## Task statement:
In the copy, every record below must appear exactly as given, and no picture may appear.

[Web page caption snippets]
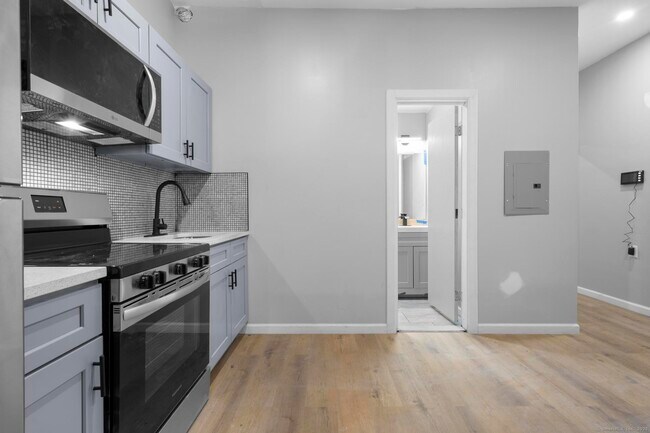 Building Photo - 140 Grand St
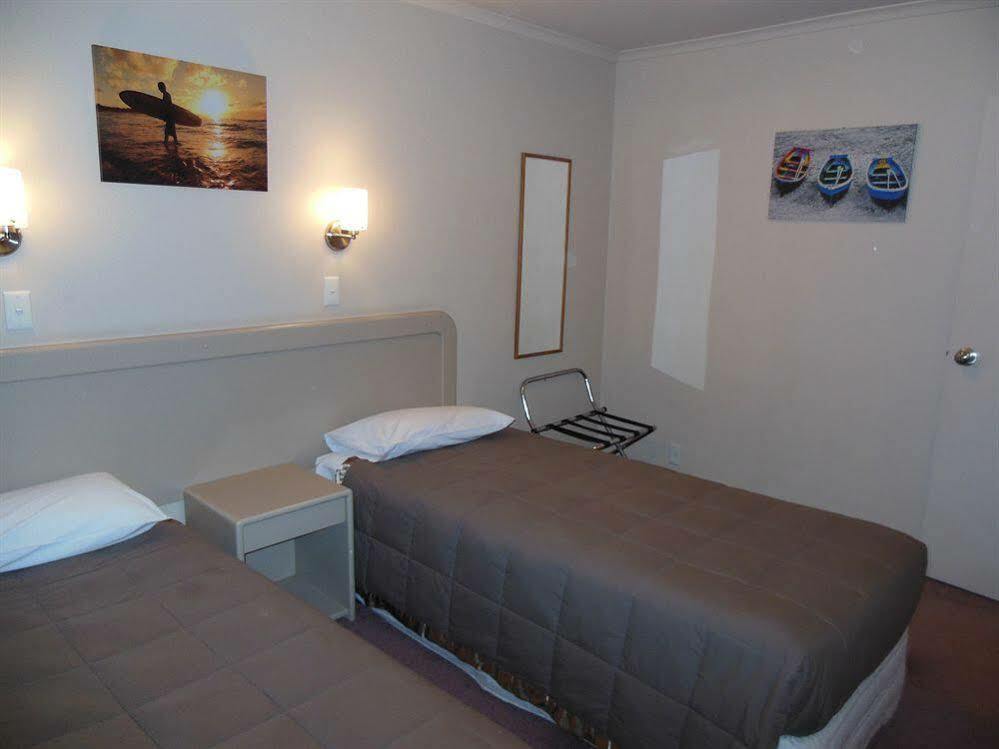 Asure Camelot Arms Motor Lodge Оукланд Екстериор снимка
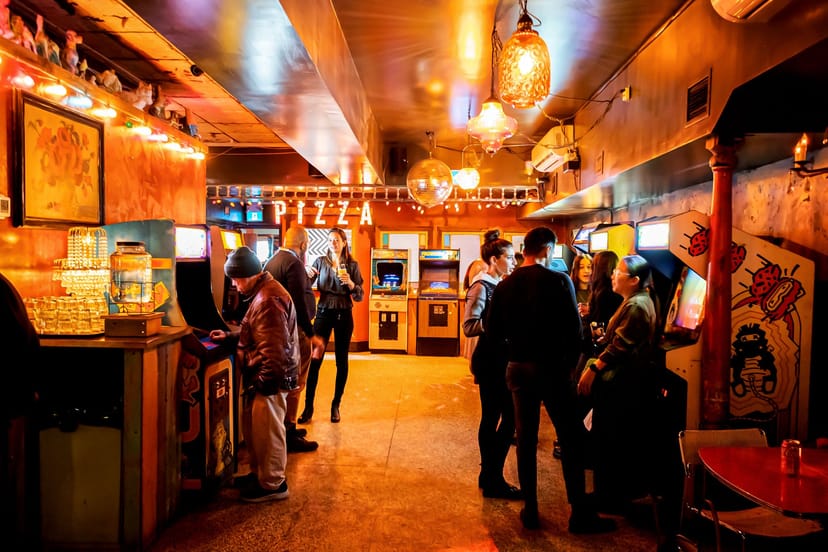 Bar in The Well: Retro arcade gaming venue for casual networking and corporate team building.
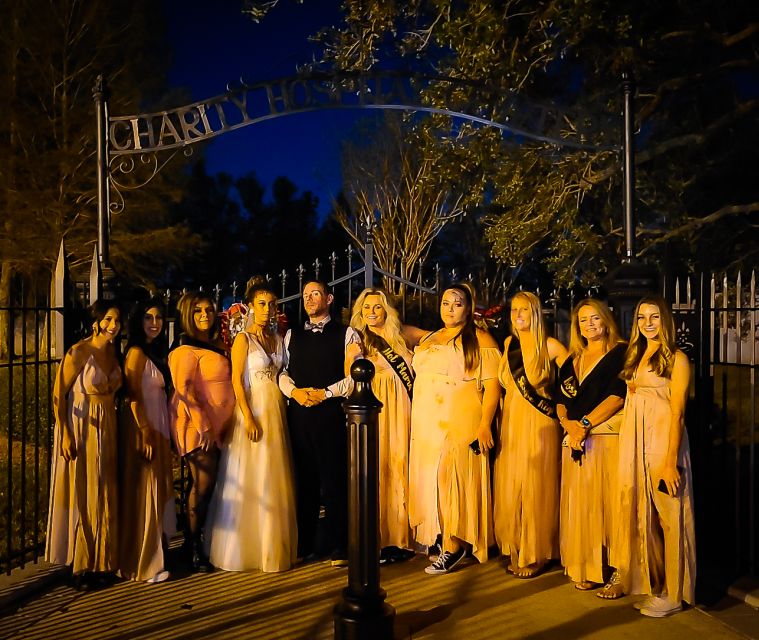 New Orleans: Cemetery Bus Tour At Dark with Exclusive Access - The Bus Ride: Short, Organized, and Built for Storytelling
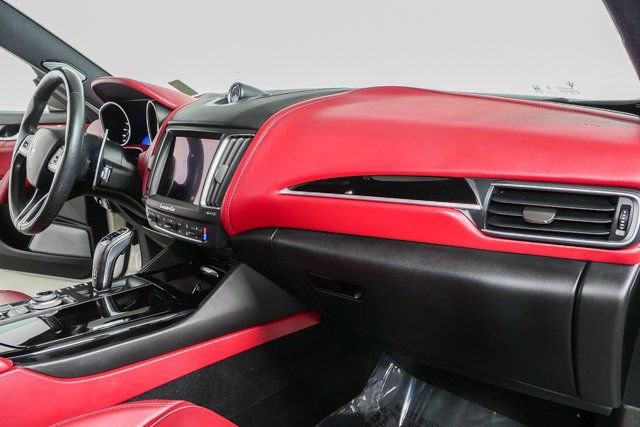Used 2019 Maserati Levante S GranSport image 25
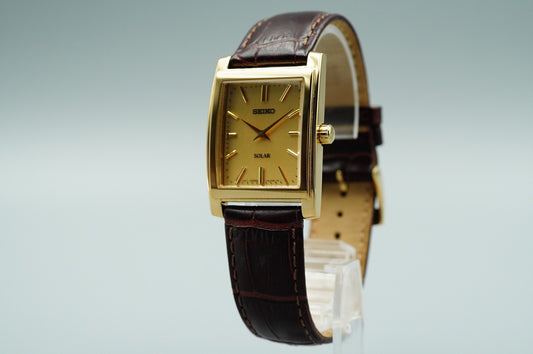 *MINT* Vintage SEIKO V115-0AC0 Solar Gold Dial Rectangle 28mm Mens Watch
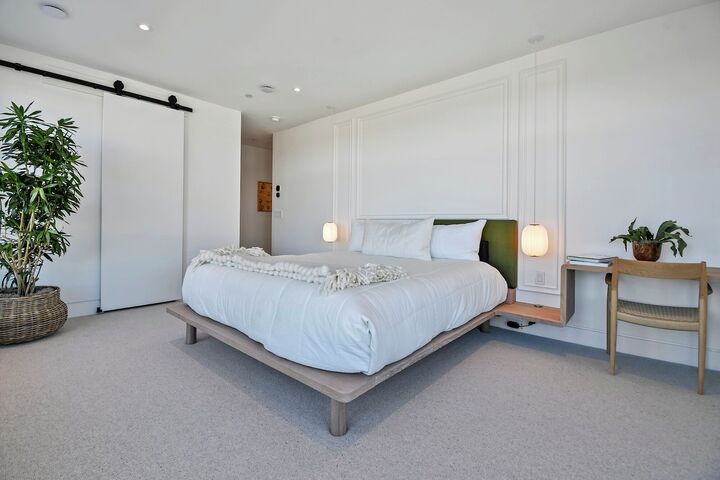 5 Bdrm 5.5 Bath HT - Bedroom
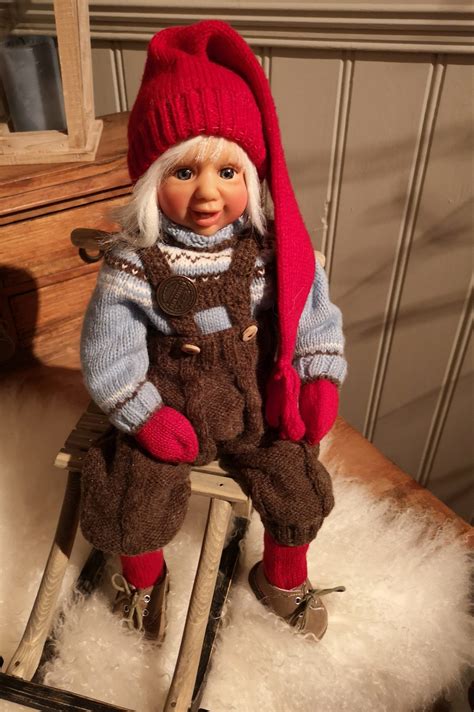 Red clothed Krister model 2017 – Dahlsnissen As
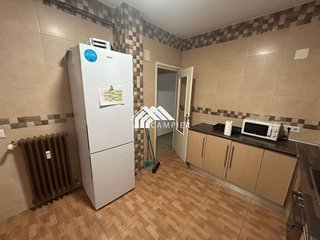 Piso en alquiler en Hospital - Parque sur en Albacete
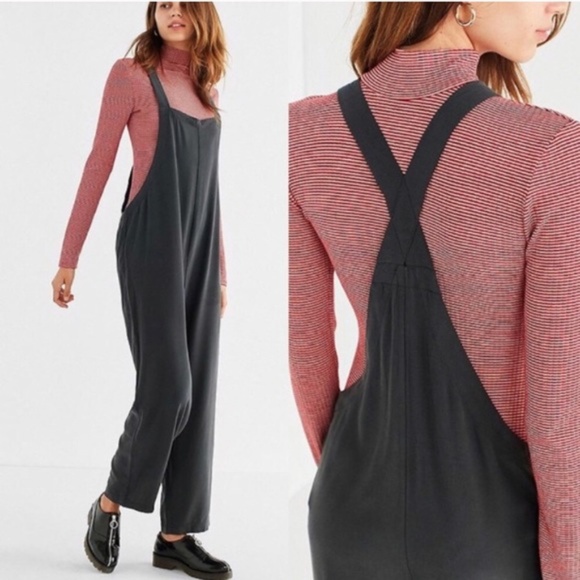 Urban Outfitters Pants - NWT Urban Outfitters black shapeless overalls sz m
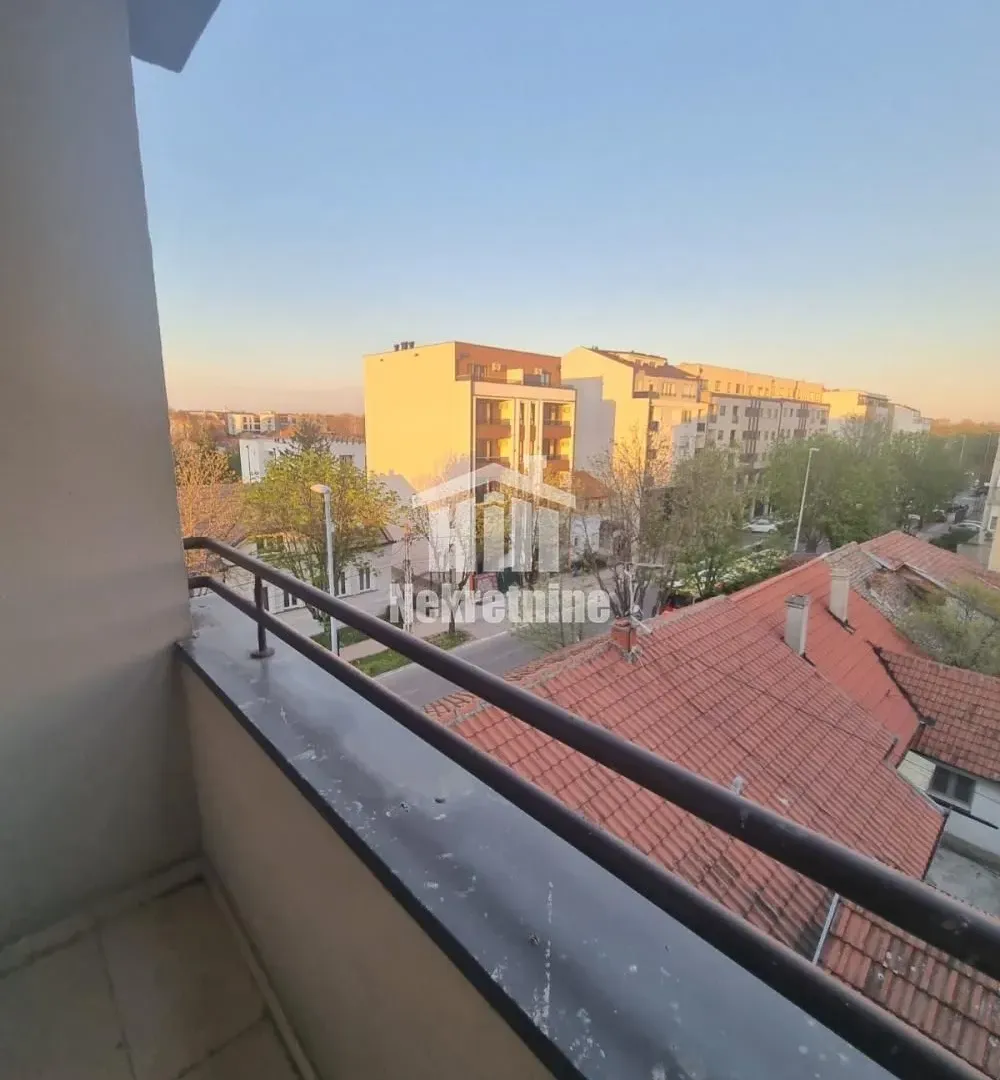 Sale, two bedroom apartment, 58m², Zemun Cara Dušana, Zemun Sve Podlokacije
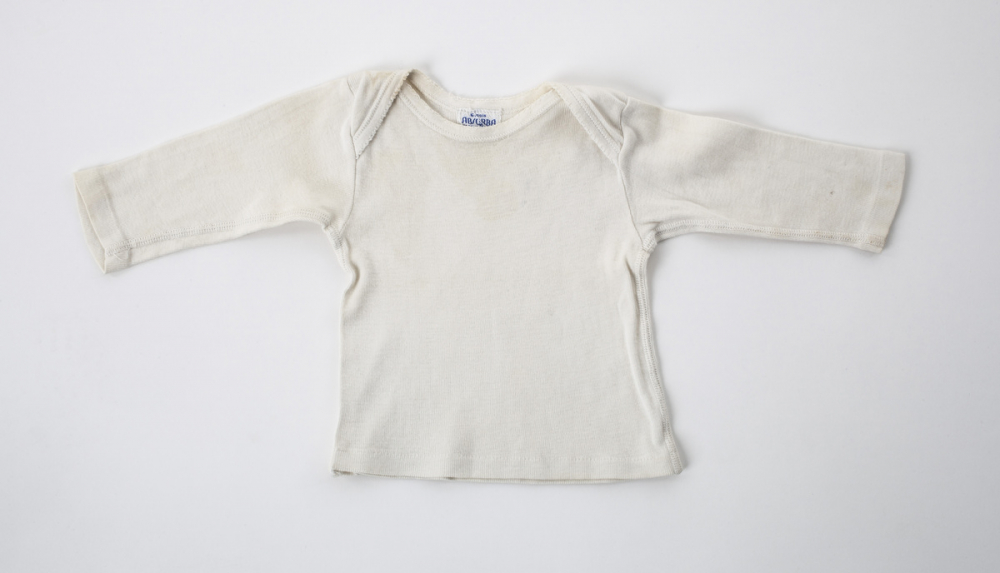 Chemise de bébé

## Task response:
 Building Photo - 140 Grand St
 Asure Camelot Arms Motor Lodge Оукланд Екстериор снимка
 Bar in The Well: Retro arcade gaming venue for casual networking and corporate team building.
 New Orleans: Cemetery Bus Tour At Dark with Exclusive Access - The Bus Ride: Short, Organized, and Built for Storytelling
Used 2019 Maserati Levante S GranSport image 25
 *MINT* Vintage SEIKO V115-0AC0 Solar Gold Dial Rectangle 28mm Mens Watch
 5 Bdrm 5.5 Bath HT - Bedroom
 Red clothed Krister model 2017 – Dahlsnissen As
 Piso en alquiler en Hospital - Parque sur en Albacete
 Urban Outfitters Pants - NWT Urban Outfitters black shapeless overalls sz m
 Sale, two bedroom apartment, 58m², Zemun Cara Dušana, Zemun Sve Podlokacije
 Chemise de bébé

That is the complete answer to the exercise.